The show was clearly produced for a South Korean audience, so the nuanced moments of personal trial and complexity is lost due to the cultural barrier from an American perspective. As a result, it becomes difficult to identify with the character on a deeper level than the archetype the producers assigned to them; the characters are quite literally reduced to numbers. Number 456, Seong Gi-Hun, is the main character with a daughter he wants to provide for, but he has found himself desperately in debt due to a gambling addiction. Throughout the series he grapples with his moral conscience as he is forced to do terrible things to survive. Gi-Hun is the character who the audience is supposed to root for, but his poorly developed characterization and the ridiculous plot carrying the narrative along deflates all dramatic tension and the character becomes annoying as opposed to the sympathetic figure the producers intended.

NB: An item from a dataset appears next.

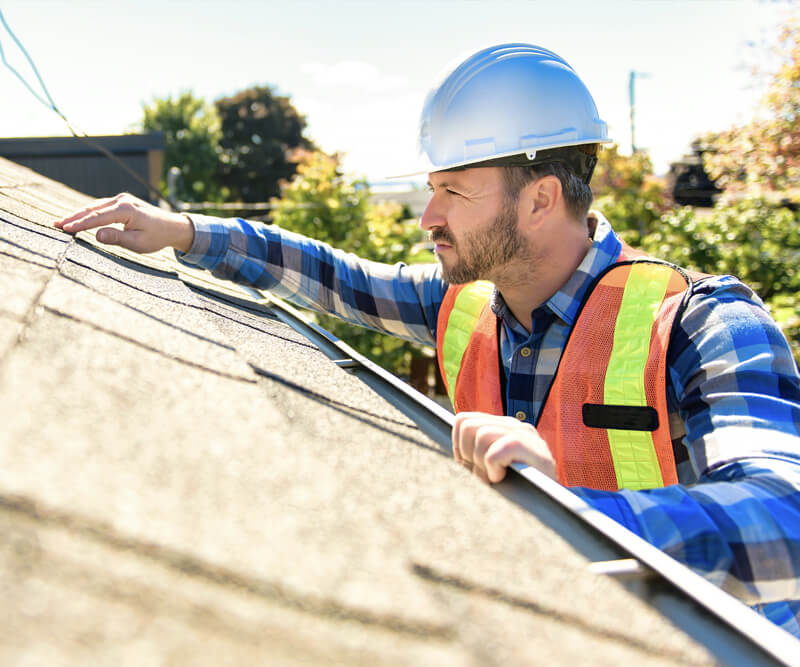 A construction worker from an Ottawa roofing company, wearing a hard hat, safety vest, and plaid shirt, inspects the shingles on a residential roof on a sunny day, surrounded by trees in the background.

The narrative is the weakest aspect of the series. The story is nonexistent, and each event seems to exist independently of the events before and after it. The players are forced to endure six deadly games which eliminate approximately half the player roster, but the plot lines going game to game are loosely flowing and downright confusing, taking away from the importance of games in the context of the larger storyline. After watching the nine episodes of the series, several glaring plot holes and unanswered questions persist, leaving the viewer frustrated and unsatisfied. For gory, psychological and dramatic manipulation of the human experience, several better options should be higher on the must watch list than "Squid Game."